What else did I have?
I might have done something extra stupid at that moment if the air hadn't suddenly filled with a massive sound. Two loud, horrible crunching sounds, followed by a single, short, sharp clap of thunder. It repeated the sequence, again and again. Crunch, crunch, crack. Crunch, crunch, crack.
No, wait. I knew this song.
It was more like: stomp, stomp, clap. Stomp, stomp, clap.
What else did I have?
I had friends.
I looked up at Sharkface, who was scanning the lake's surface, an odd expression twisting his unsettling face.
I smiled widely and said, "You didn't see this coming, didja?"
STOMP, STOMP, CLAP!
STOMP, STOMP, CLAP!
This was somebody's mix version of the song, because it went straight to the chorus of voices, pure, human voices, loud enough to shake the ground-and I lifted my arms and sang along with them.
"Singin' we will, we will rock you!"
The Halloween sky exploded with strobes of scarlet and blue light, laser streaks of white and viridian flickering everywhere, forming random, flickering impressions of objects and faces, filling the sky with light that pulsed in time with the music.
And as it did, the Water Beetle, the entire goddamned ship, exploded out from under a veil that had rendered it and the water it had displaced and every noise it had made undetectable not only to me, but to a small army of otherworldly monstrosities and their big, bad Walker general, too.
The Walker let out another furious shriek, his hideous features twisted even more by the frenetic explosion of light in the sky, and that was all he had time to do-the Water Beetle slammed into the last barge at full speed.
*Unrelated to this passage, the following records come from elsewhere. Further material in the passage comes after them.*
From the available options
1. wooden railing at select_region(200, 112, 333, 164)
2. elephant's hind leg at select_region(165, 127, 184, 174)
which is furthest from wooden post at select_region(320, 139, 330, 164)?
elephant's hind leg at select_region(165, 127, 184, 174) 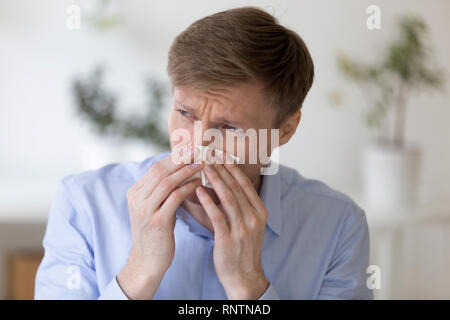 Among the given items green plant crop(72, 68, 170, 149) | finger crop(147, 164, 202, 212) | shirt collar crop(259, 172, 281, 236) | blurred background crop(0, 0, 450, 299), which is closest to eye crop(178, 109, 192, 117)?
finger crop(147, 164, 202, 212)

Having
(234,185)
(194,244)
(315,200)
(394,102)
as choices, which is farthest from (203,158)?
(394,102)

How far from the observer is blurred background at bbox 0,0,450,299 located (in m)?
1.74

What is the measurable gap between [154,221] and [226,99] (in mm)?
223

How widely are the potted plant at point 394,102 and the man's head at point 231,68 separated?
911mm

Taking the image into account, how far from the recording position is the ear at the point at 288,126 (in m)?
1.00

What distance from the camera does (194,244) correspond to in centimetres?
98

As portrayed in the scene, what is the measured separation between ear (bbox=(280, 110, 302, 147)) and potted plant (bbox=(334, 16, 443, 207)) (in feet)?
2.72

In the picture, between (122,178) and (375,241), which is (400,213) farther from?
(122,178)

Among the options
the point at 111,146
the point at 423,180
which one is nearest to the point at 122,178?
the point at 111,146

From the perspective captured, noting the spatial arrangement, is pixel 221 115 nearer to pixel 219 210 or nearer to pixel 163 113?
pixel 219 210

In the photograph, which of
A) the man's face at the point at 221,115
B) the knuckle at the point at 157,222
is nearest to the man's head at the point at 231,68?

The mass differential between the two ships was significant-but this was different from when the barge had hit my iceberg. For one thing, it was almost entirely still, having only barely begun to pick up speed again. For another, the Water Beetle didn't hit it head-on. Instead, it struck the barge from the side, and right up by its nose. With less than ten yards to spare before the barge's prow ground up onto Demonreach's shore, the Water Beetle brutally slammed her nose away from contacting the power of the outgoing ley line.
I couldn't hear the collision over the thunder of Queen's greatest hit, but it flung objects all over both ships around with the impact-more so on the Beetle than on the barge. The barge wallowed, stunned, its nose turned away from the beach, its long side being presented to the island, while the Water Beetle rebounded violently, drunkenly, and crunched up onto her hull in the shallows, listing badly to one side.